*** Data extract Section Begins ***

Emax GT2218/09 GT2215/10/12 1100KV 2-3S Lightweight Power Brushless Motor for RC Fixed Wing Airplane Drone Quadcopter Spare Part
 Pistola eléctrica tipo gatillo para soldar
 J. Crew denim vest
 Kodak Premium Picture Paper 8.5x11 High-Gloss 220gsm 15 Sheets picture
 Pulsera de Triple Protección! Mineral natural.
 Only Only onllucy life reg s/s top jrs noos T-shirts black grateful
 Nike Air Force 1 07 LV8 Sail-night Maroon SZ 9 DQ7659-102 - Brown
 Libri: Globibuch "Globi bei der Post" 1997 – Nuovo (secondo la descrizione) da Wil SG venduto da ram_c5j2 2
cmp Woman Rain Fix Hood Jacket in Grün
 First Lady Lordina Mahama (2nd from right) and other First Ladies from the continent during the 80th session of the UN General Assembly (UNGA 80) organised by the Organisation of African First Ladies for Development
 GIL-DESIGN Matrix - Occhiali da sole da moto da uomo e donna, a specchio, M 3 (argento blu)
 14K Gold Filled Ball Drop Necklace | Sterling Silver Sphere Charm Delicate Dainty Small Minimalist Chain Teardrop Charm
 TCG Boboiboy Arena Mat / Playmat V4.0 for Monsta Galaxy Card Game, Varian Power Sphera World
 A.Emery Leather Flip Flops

*** Data extract Section Ends ***

Instructions to follow:
Show each line in the entries that holds the string "Power".

Response:
Emax GT2218/09 GT2215/10/12 1100KV 2-3S Lightweight Power Brushless Motor for RC Fixed Wing Airplane Drone Quadcopter Spare Part
 TCG Boboiboy Arena Mat / Playmat V4.0 for Monsta Galaxy Card Game, Varian Power Sphera World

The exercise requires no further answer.